Global Health Press
New vaccine for herpes reduces the number of outbreaks and lowers risk of the virus being passed on through sex

New vaccine for herpes reduces the number of outbreaks and lowers risk of the virus being passed on through sex

vaccinationA new injection can treat herpes by charging up the body’s immune system to fight the virus, scientists believe.

The vaccine – which would become the world’s first for the Herpes Simplex Virus type 2 virus (HSV-2) – was found to reduce the activity of the infection.

Despite there being no cure for the sexually transmitted infection, symptoms can be controlled through medicine.

Visibility of the virus on the skin around the genitals was reduced by 60 per cent as a result of the jab, researchers found.

Given over a course of three injections, the effects of the GEN-003 vaccine last for up to one year and cut the number of outbreaks in sufferers.

It works by stimulating antibodies in the bloodstream in an attempt to make the virus ineffective.

The injection recruits white blood cells which circulate around our bodies searching for any infections.

More than 500 million people suffer from the virus worldwide, and the new discovery could significantly lower the rate of transmission and outbreaks, experts say.
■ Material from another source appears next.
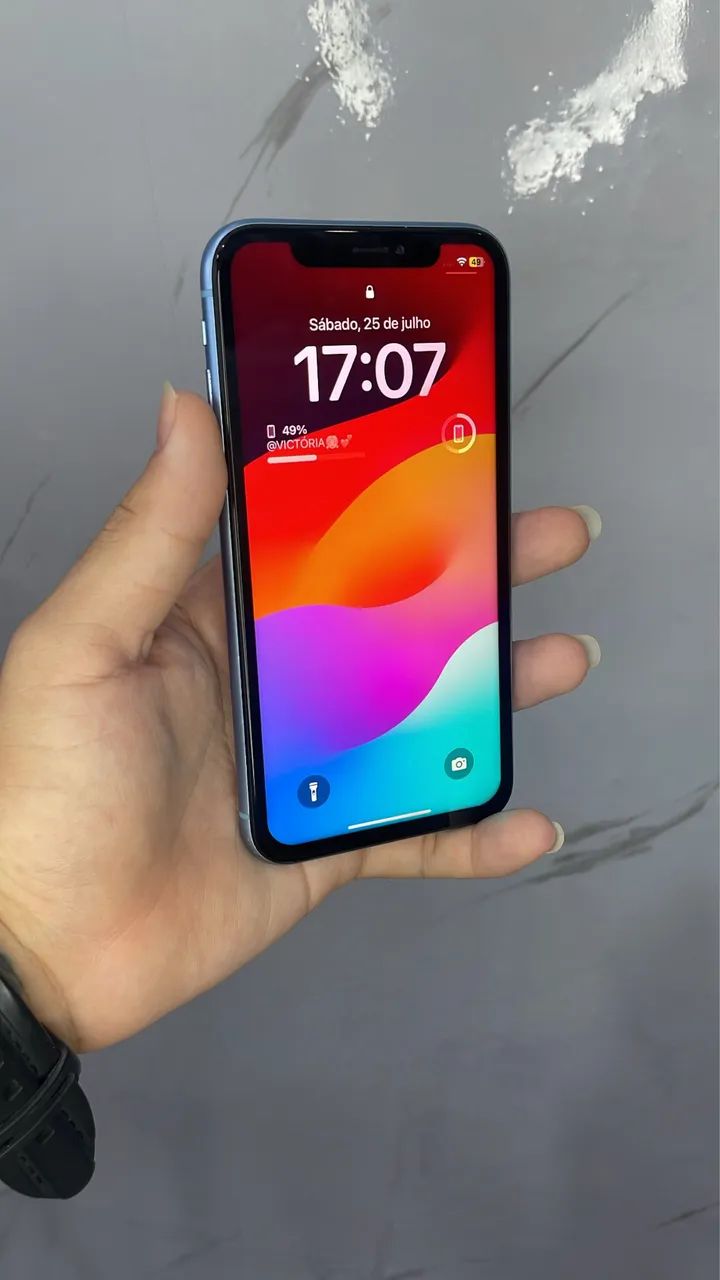 iPhone XR 64GB - Foto 4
Current treatments for the virus include medications which are taken to treat outbreaks and to reduce the risk of sexual transmission.
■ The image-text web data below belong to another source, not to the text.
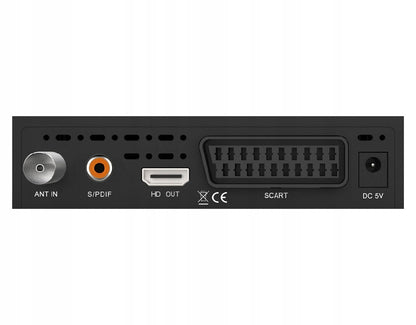 EDISION Picco T265+ DVB-T2-tuner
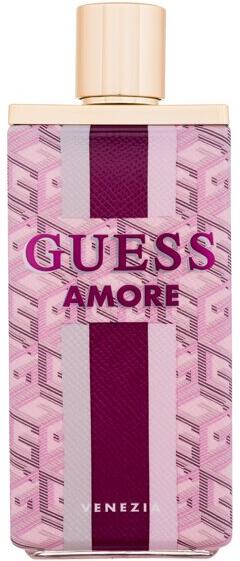 Toaletní voda GUESS Amore Venezia, 100 ml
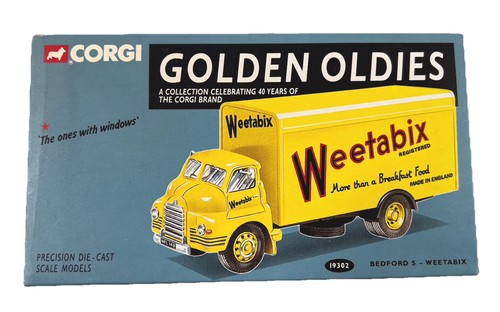 Corgi scale golden oldies - corgi, 1:50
In fact, the injection could become even more powerful if used in combination with existing medicines.

Dr Kenneth Fife, Professor of Medicine at Indiana University, said while several previous preventative vaccines have failed in the past, the new approach which boosts the immune system may one day lead to an effective vaccine that prevents herpes.

He said: ‘GEN-003 is expected to be tested in combination with antiviral medications to potentially provide a level of relief not currently achievable.

‘GEN-003 is believed to work through a different pathway from most vaccines by recruiting T cells, which are critical to controlling chronic infections such as herpes.

‘The importance of these clinical findings is that it represents a new approach to treatment, and may provide a new option for patients suffering from chronic, recurrent genital herpes.’

Researchers tested on 310 participants with a history of chronic, recurrent genital herpes.

They received three shots of one of six different vaccine doses, 21 days apart.

Over one year, participants were tested for stimulation of the immune system against the herpes virus.
They were also measured for the frequency of their virus being detectable on the skin around the genital area (viral shedding) and the number of days that herpes outbreaks (lesions) were visible.

The new injection was found to significantly reduce the rate of viral shedding and lesion frequency compared to before treatment.

Genital herpes is a chronic condition and remains in the body for ever, as it can become active at any time.
Passed on through sexual contact, the virus causes painful blisters to emerge on the genitals.

The virus recurs up to five times within the first two of being infected in most people, however outbreaks reduce over time.

Common in people aged between 20 and 24, the symptoms can be controlled using antiviral medicines.
Doctors advise people to avoid sex until symptoms of the virus have passed to help prevent the spread of the infection – and to continue using a condom after.